Our alternative solution is to install and run deblur directly rather than via QIIME2, and we didn't want to waste a lot of time discovering it wasn't going to work if possible. Any insight is appreciated!

ebolyen · August 7, 2019, 9:11pm

Hi @sthansen,

This is a really great question, for which I don't have an empirical answer, but here's some theoretical challenges you may face:

The zip file format itself. We use zip64 which should support 3tb, but I've never made one so large, so I'm uncertain how well it will actually work.
The fact that we put the data in a zip file (this is really the problem I think). You will end up with a 3tb zip file, which we then extract almost immediately, meaning you need at least 9tb just to perform the single operation (not including storing the dereplicated output data). This is precisely a reason to have either "cached" or "reference-only" artifacts which point at a location on disk, or to use a FUSE driver. Neither of these things are currently implemented, they are kind of "someday, someone will have an impossible amount of data and we'll cross that bridge then" situations.

Re: failure, I expect QIIME 2 to go as far as the system resources permit, and then fail, so don't expect anything too pleasant in this situation.

In terms of getting work done, this is your best option. In terms of "I would really like to know what happens", please consider both if you have the disk space available

sthansen · August 8, 2019, 6:10pm

Since we are also curious what will happen, we're going to run just plain deblur so we can get the result, and then run deblur via QIIME2. This way if it runs out of space it won't crash both processes. I'll try to update in the next week or so what happens.

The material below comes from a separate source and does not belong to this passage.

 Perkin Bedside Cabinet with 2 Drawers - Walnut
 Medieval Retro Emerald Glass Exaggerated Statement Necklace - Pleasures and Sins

(One year later) we originally just installed and ran Deblur, but we recently had to move the data and rerun Deblur, so I did it via qiime2 this time around as we had more processing space than we did previously. Ran without a hitch!

Mehrbod_Estaki · August 8, 2019, 7:58pm

In case there are memory issues you can always split your samples into multiple files and run them separately and merge after (as long as the trim/truncate parameters are identical). This is indeed one of the key designs of deblur, making it easy to combine multiple samples/studies at different times.

system · September 9, 2019, 1:58am

This topic was automatically closed 31 days after the last reply. New replies are no longer allowed.